Бриссенден посмотрел на него с восторгом и жалостью.
— Как вы еще молоды, Мартин! Ах, как вы еще молоды! Вы высоко залетите, но смотрите — крылья у вас уж очень нежные. Не опалите их. Впрочем, вы их уже опалили. И эти «Сонеты о любви» воспевают какую-то юбчонку… Позор!
— Они воспевают любовь, а не просто юбчонку, — возразил Мартин и опять засмеялся.
— Философия безумия! — горячился Бриссенден. — Я убедился в этом, когда предавался грезам после хорошей дозы гашиша. Берегитесь! Эти буржуазные города погубят вас. Возьмите для примера тот притон торгашей, где мы с вами познакомились. Ей-богу, это хуже мусорной ямы. В такой атмосфере нельзя оставаться здоровым. Там невольно задохнешься. И ведь никто — ни один мужчина, ни одна женщина — не возвышается над всей этой мерзостью. Все это ходячие утробы, утробы с идейными и художественными запросами моллюсков…

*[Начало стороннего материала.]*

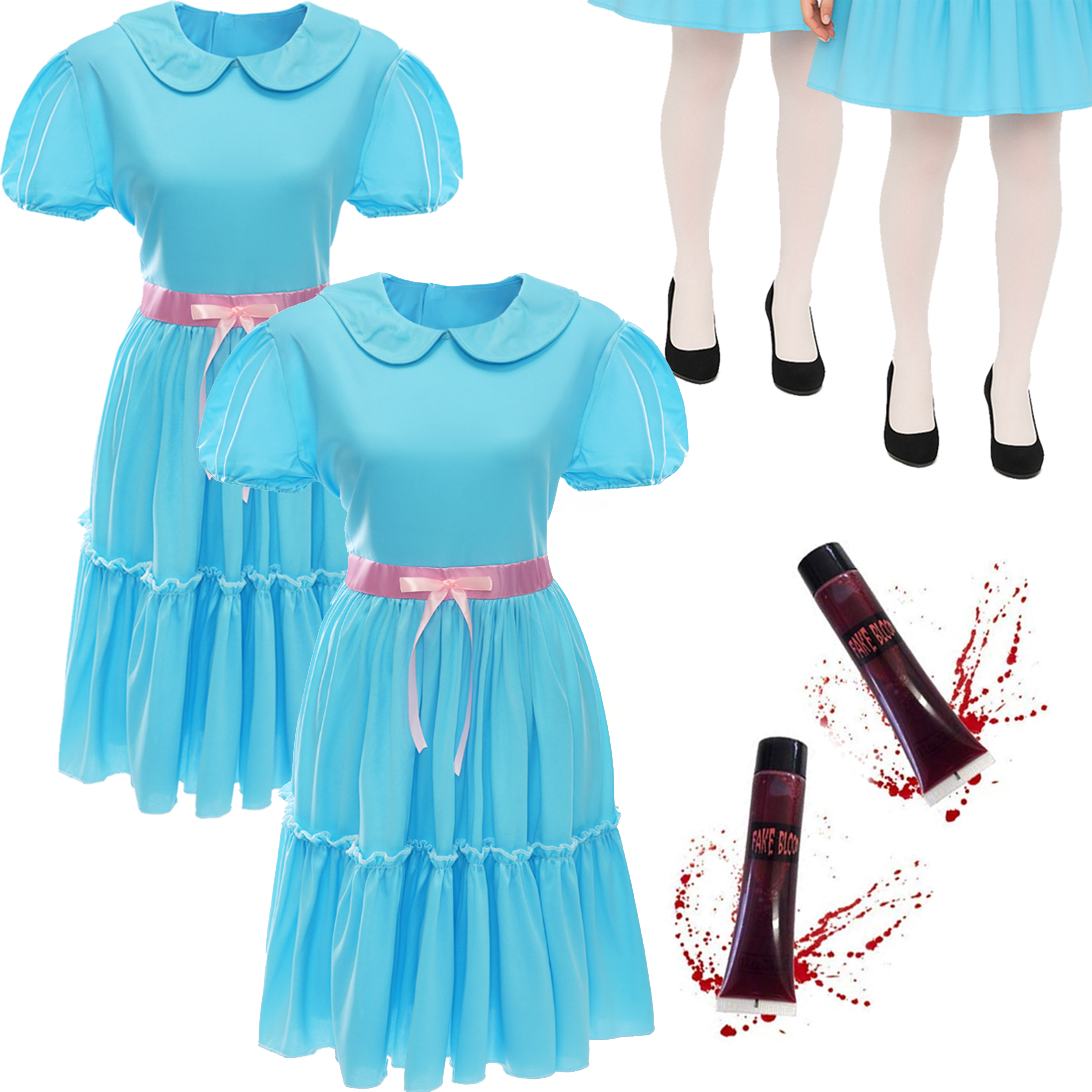 SHINING GHOST TWIN SISTERS DUO HALLOWEEN FANCY DRESS COSTUME DRESSES SOCKS  LACE | eBay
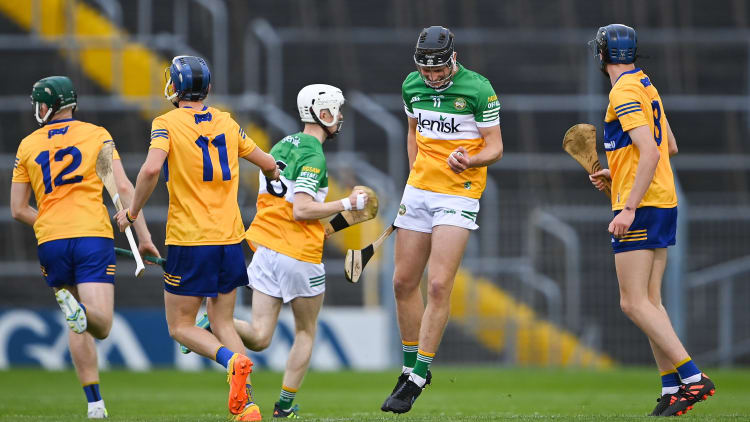 Offaly captain Dan Ravenhill celebrates after winning a crucial free at FBD Semple Stadium.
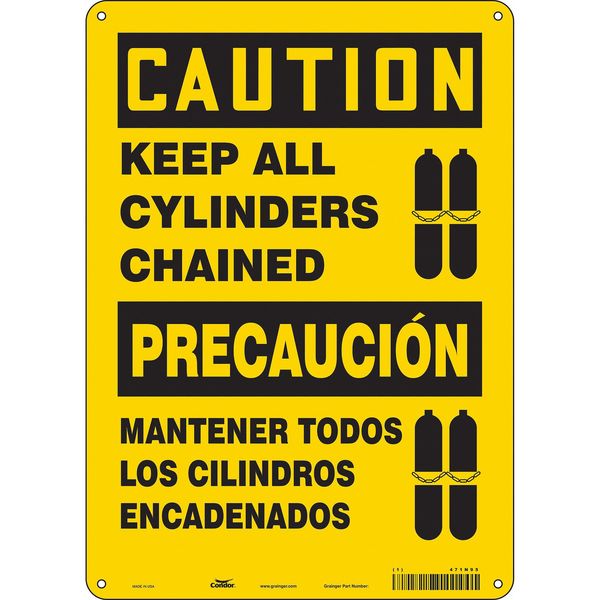Safety Sign, 14 in Height, 10 in Width, Aluminum, Vertical Rectangle, English, Spanish, 471N95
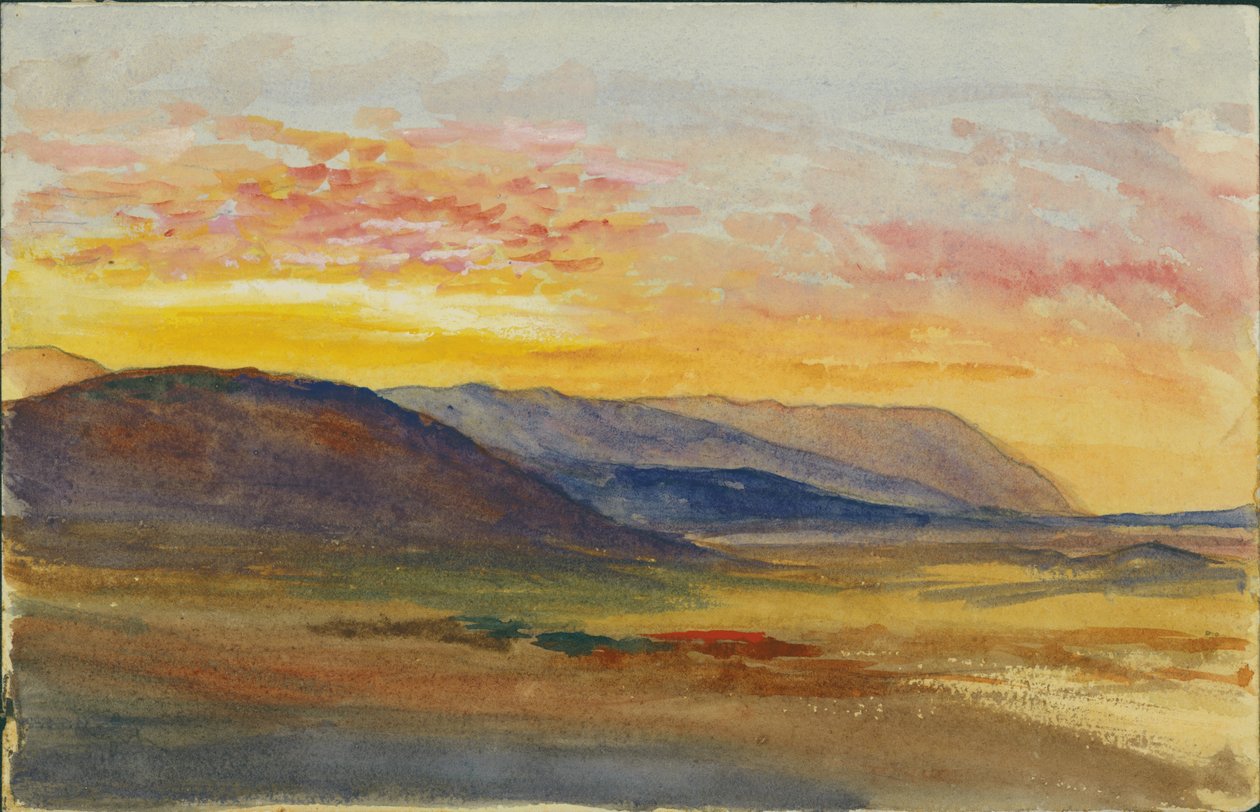 Mount Carmel på hösten, tittar västerut vid solnedgången, 1872 (wc och penna på papper) av Claude Conder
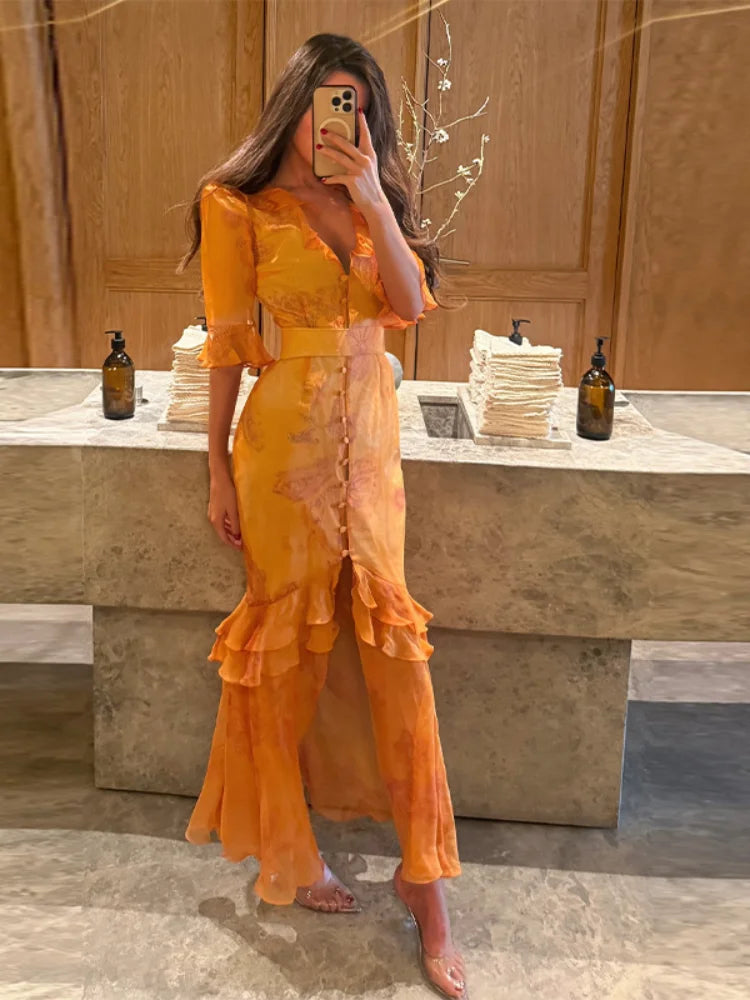 ROBES A FLEURS TAILLE AJUSTÉE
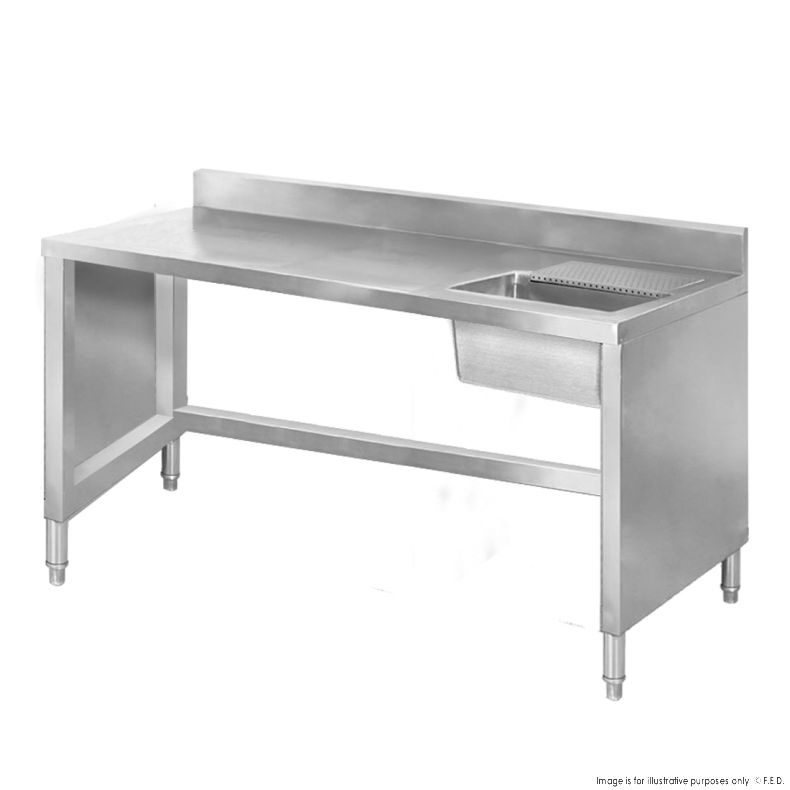 Workbench with ice storage and splashback 1400x600x890+100mm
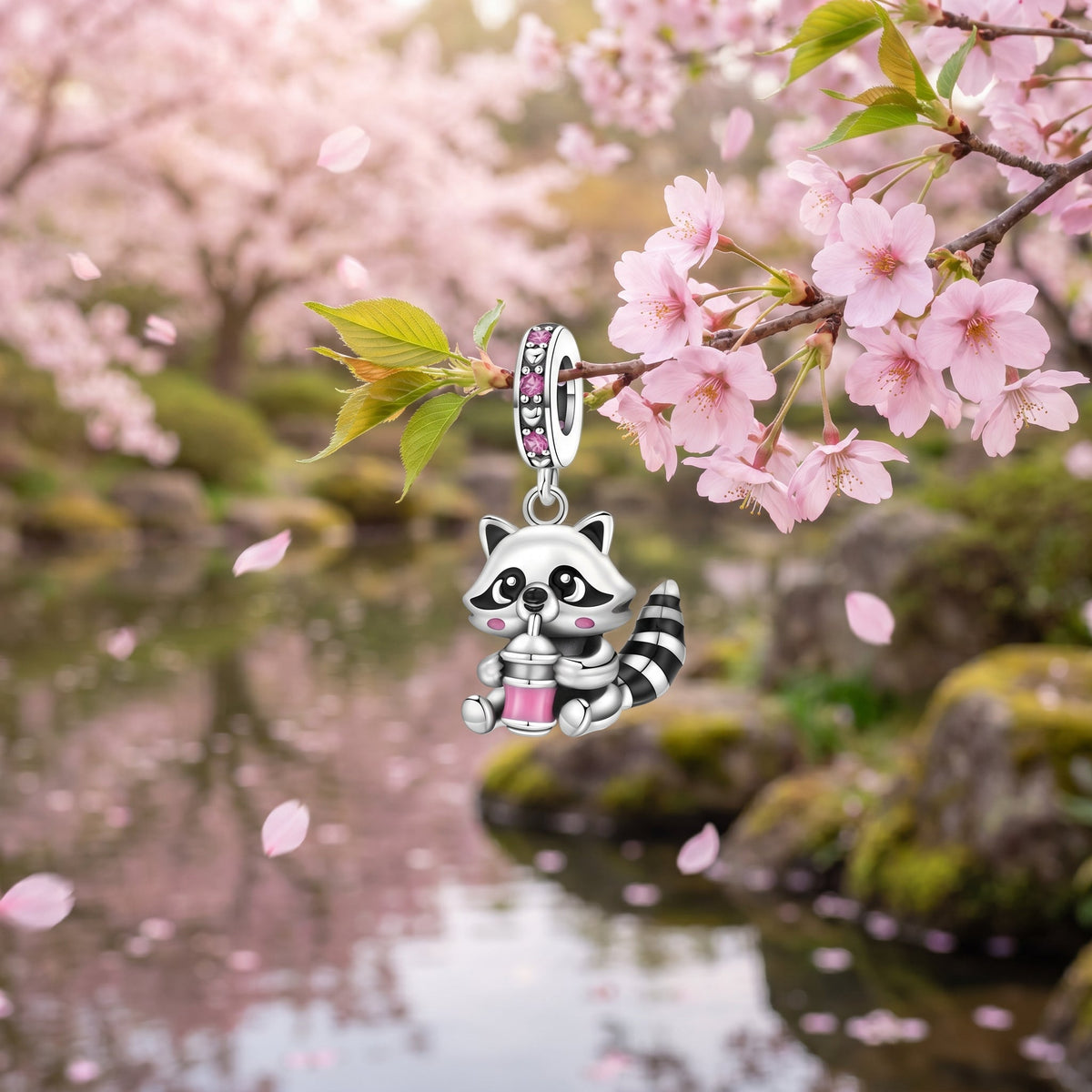 Charm-Anhänger, niedlicher Waschbär-Bubble-Tea, für Damen, Modell Ratonboba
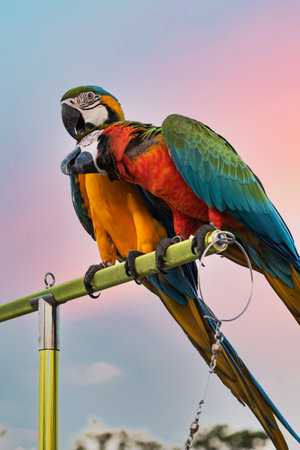 The beauty of macaws The breeder brought it to show and brought it to fly on a sunny day.の写真素材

Он вдруг остановился и взглянул на Мартина. Внезапная догадка, как молния, озарила его. И лицо выразило ужас и удивление.
— И вы написали свои изумительные «Сонеты о любви» в честь этой бледной и ничтожной самочки?
В ту же минуту правой рукой Мартин схватил Бриссендена за горло и встряхнул так, что у того застучали зубы. Однако в глазах его Мартин не увидел страха: только какое-то любопытство и дьявольскую насмешку. И тогда, опомнившись, Мартин разжал пальцы и швырнул Бриссендена на постель.
Бриссенден долго не мог отдышаться. Отдышавшись, он засмеялся.
— Вы бы сделали меня своим вечным должником, если бы вытряхнули из меня остатки жизни, — сказал он.
— У меня последнее время что-то нервы не в порядке, — оправдывался Мартин, — надеюсь, я не сделал вам очень больно? Сейчас приготовлю свежий грог.
— Ах вы, юный эллин! — воскликнул Бриссенден. — Вы недостаточно цените свое тело. Вы невероятно сильны. Прямо молодая пантера! Львенок! Ну, ну! Это вам дорого обойдется в жизни.
— Как так? — с любопытством спросил Мартин, подавая ему стакан. — Выпейте и не сердитесь.
— А очень просто, — Бриссенден стал потягивать грог, одобрительно улыбаясь, — все из-за женщин. Они вам не дадут покоя до самой смерти, как не дают и сейчас. Я ведь не вчера родился. И не вздумайте опять душить меня. Я все равно выскажусь до конца. Понимаю, что это ваша первая любовь, но ради Красоты будьте в следующий раз разборчивее. Ну, на кой черт вам эти буржуазные девицы? Бросьте, не путайтесь с ними. Найдите себе настоящую женщину, пылкую, страстную, — знаете, из тех, что «над жизнью и смертью смеются и любят, пока есть любовь». Есть на свете подобные женщины, и они, поверьте, полюбят вас так же охотно, как и эта убогая душонка, порождение сытой буржуазной жизни.